The fences in the stadium are pretty short as well. Left field is 320 feet down the line, dead center is 398. Right field is especially short, 299, but it houses a larger wall that Ryan dubbed the Bud Monster. After getting some food, we settled into our seats. The food isn’t super cheap, but it’s not the exorbitant prices you’ll find at  Busch Stadium, either. Two hot dogs and two medium sodas cost me $11. I’m fairly certain to get that at a Cardinals game, I must donate one of my kidneys and a little plasma just to put down a down payment. The Rascals have been playing some ridiculously good baseball recently, going 16-5 before the game last night to earn a 36-24 record overall. They’d done work to gain some ground on the Southern Illinois Miners, who sat in first place with a 44-16 record. So we figured we’d see a pretty decent game. The rosters of the teams in this league are full of former college and high school standouts from all over the country. The level of play probably is on par with Class A ball, so it’s mostly guys who won’t sniff the majors, but there have been some players who have gone on to the majors, including a few for the Cardinals (Jason Simontacchi, Matt Duff, Josh Kinney).
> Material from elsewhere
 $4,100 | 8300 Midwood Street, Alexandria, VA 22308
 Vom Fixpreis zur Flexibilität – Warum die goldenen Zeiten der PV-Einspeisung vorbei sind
The game was pretty cleanly played. The Rascals scored in the bottom of the first when Chad Maddox singled to drive in Caleb Curry. The Miners tied it in the top of the third when Joey Metropoulos singled and drove in Kent Gerst. But the Rascals put the game away in the bottom of the sixth with a sacrifice fly by Doug Sanders and scored an insurance run in the eighth on a sac fly by Caleb Curry. The final score ended up being 3-1 River City, putting the Rascals seven games behind the Miners.
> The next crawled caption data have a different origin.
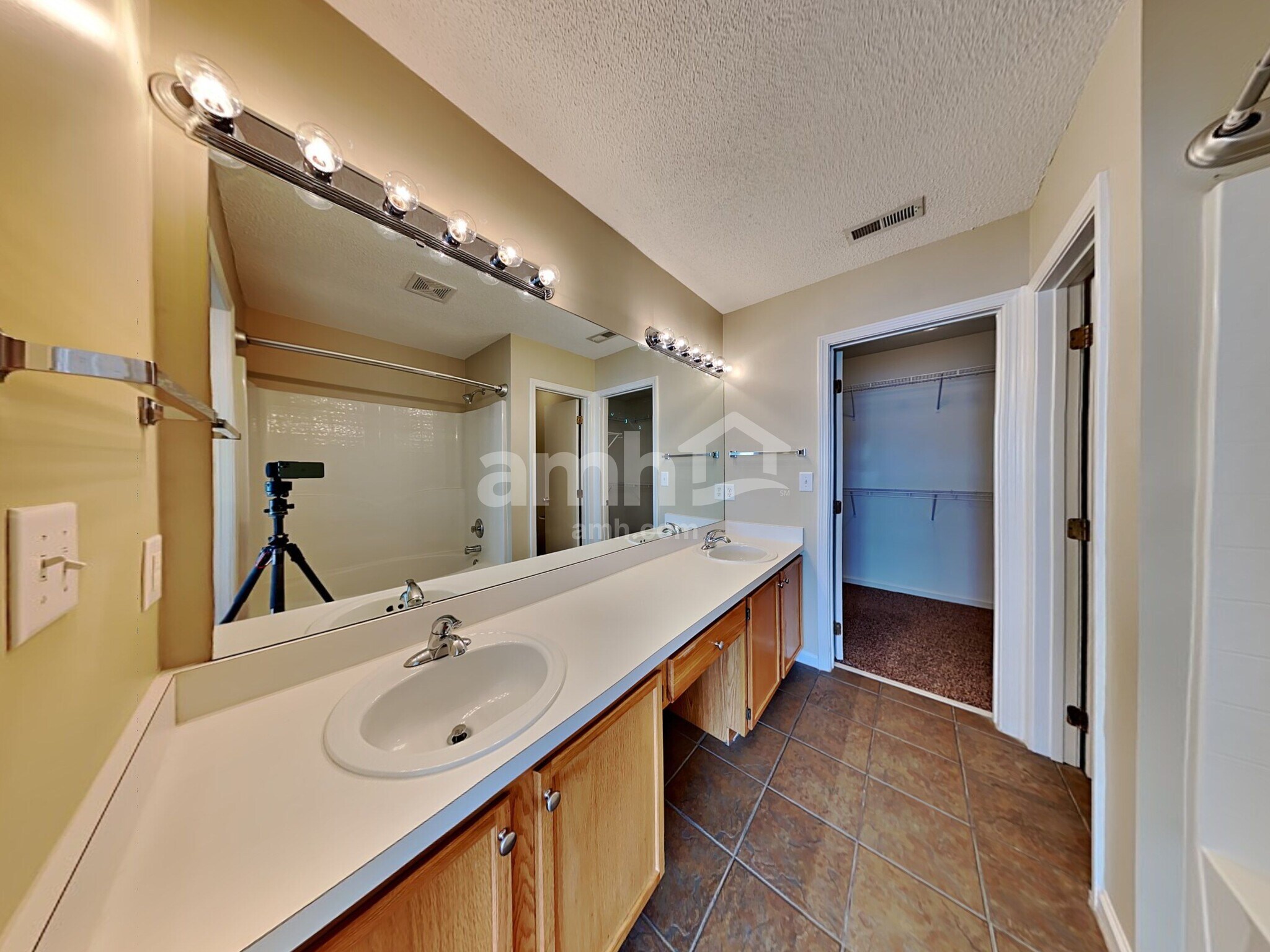 Building Photo - 136 N Honey Springs Ave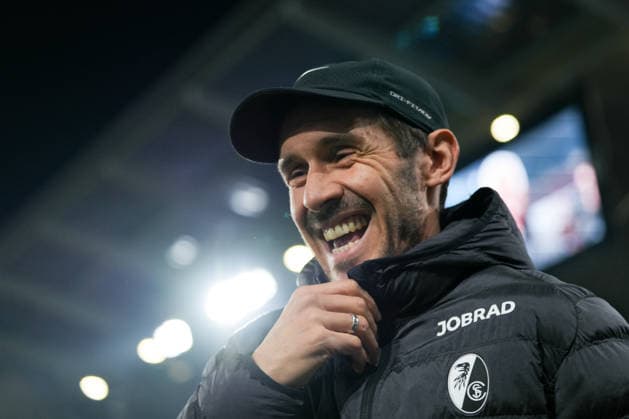 Julian Schuster (SC Freiburg, Trainer) , Fußball, Achtelfinale, DFB Pokal, 2025 26, SC Freiburg vs. SV Darmstadt 98, 03.12.2025, Europa-Park Stadion, Freiburg, Deutschland DFB REGULATIONS PROHIBIT ANY USE OF PHOTOGRAPHS AS IMAGE SEQUENCES AND OR QUASI-VIDEO. Freiburg Europa-Park Stadion Baden-Württemberg Deutschland Copyright: xArnexAmbergx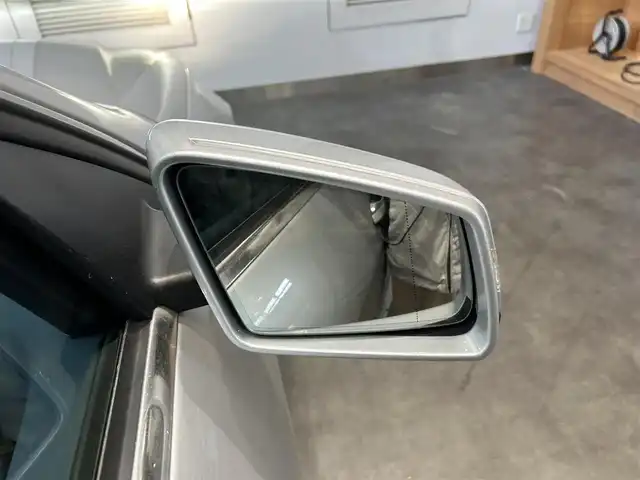 メルセデス・ベンツ Ｃ２００ ブルーエフィシェンシーW AVG 大阪府 2012(平24)年 3.3万km イリジウムシルバー 純正ナビ/TV/バックカメラ/純正17インチAW/HIDヘッドライト/クルコン/クリアランスソナー/パドルシフト/ハーフレザー/メモリ付きパワーシート/ルーフレール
Miramontes working against...some guy. I need new contacts.

There were a few notable players that my friends and I saw that have obvious potential to be picked up by a major league organization. The Miners’ catcher, Brendan Akashian, has a strong throwing arm and decent pop time (time it takes to go from the squat position to throwing the ball to second base). Another of the Miners has a pretty good potty mouth. Had he made it into the game instead of sitting on the bench, there’s a chance he’d fit in well in the majors. The Rascals’ relief pitcher Derrick Miramontes threw 2.1 innings and was pretty good. He throws a sidearm, which is tough enough to hit, but he also has some velocity and decent break on his pitches. By far our favorite player, though, was the Rascals right fielder, Stephen Holdren. He’s the Rascals’ most dangerous offensive threat, with 10 HR and 48 RBI in 60 games. He also has an absolute gun for an arm. Twice he threw to third base to prevent a runner from advancing, and each time it arrived on the fly.
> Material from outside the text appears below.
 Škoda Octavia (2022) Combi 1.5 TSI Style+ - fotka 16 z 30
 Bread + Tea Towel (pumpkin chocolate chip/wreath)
The play of the game, though, was the throw he made on a single in the top of the seventh to nail Will Block at home. The throw was easily 270 feet and it arrived on the fly way ahead of the runner. It prevented the Miners from tying the game and drew the largest reaction from the crowd all night, other than the promotion during which the Rascals mascot knocked down a little boy in a footrace. The kid got a free pizza and a free emotionally traumatizing experience that he’ll remember in therapy years down the road.

All in all, it was a pretty fun experience. The Rascals do their best to entertain the crowd by offering promotions and contests between every inning, including the aforementioned footrace. The Quiktrip hotdog/taquito/chef race was amusing, and the food was decent. If you get a chance, get one of the shaved ice snowcones they sell along the third base stands. For $3.75 it’s well worth it.

The Rascals run promotions most home games, and it’s a fun (and relatively cheap) way to spend an evening. Just be sure to bring some bug spray and you’ll be set, as by the end of the night, we were fighting off more bugs than Starship Troopers. I’ll definitely be going back, if only to try the deep-fried Oreos. Because apparently plain Oreos are a little TOO nutritious.